__The problem__: Below are the entries; give again exactly the lines from the one mentioning "spacious closet featuring" through the one mentioning "- CYCLAMEN SPP. (Siklamen )BİTKİSİ", inclusive.

__Information given__:
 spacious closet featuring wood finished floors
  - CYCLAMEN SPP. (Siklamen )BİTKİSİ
...
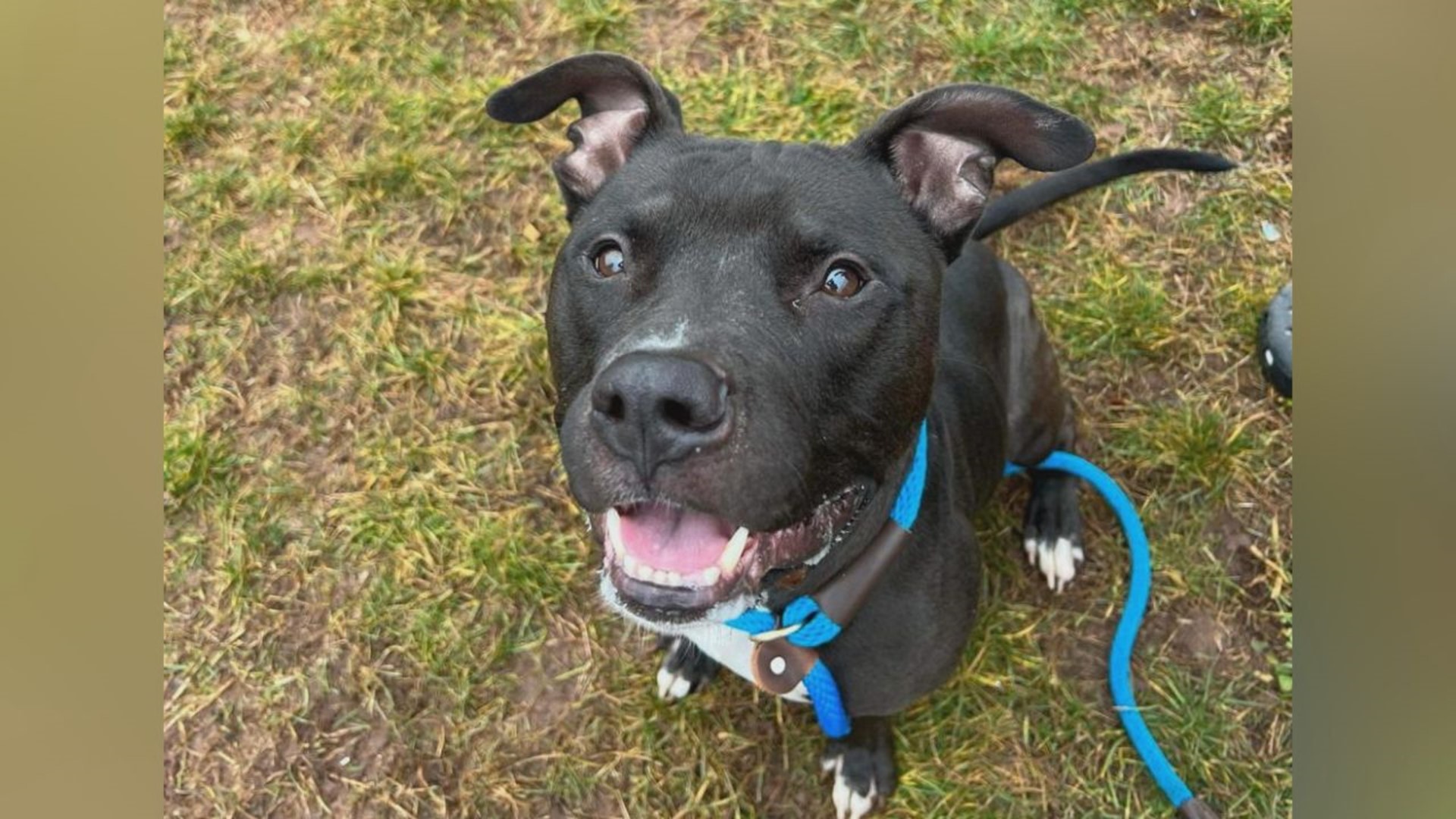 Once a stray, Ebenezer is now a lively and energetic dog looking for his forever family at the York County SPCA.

__Exercise response__:
 spacious closet featuring wood finished floors
  - CYCLAMEN SPP. (Siklamen )BİTKİSİ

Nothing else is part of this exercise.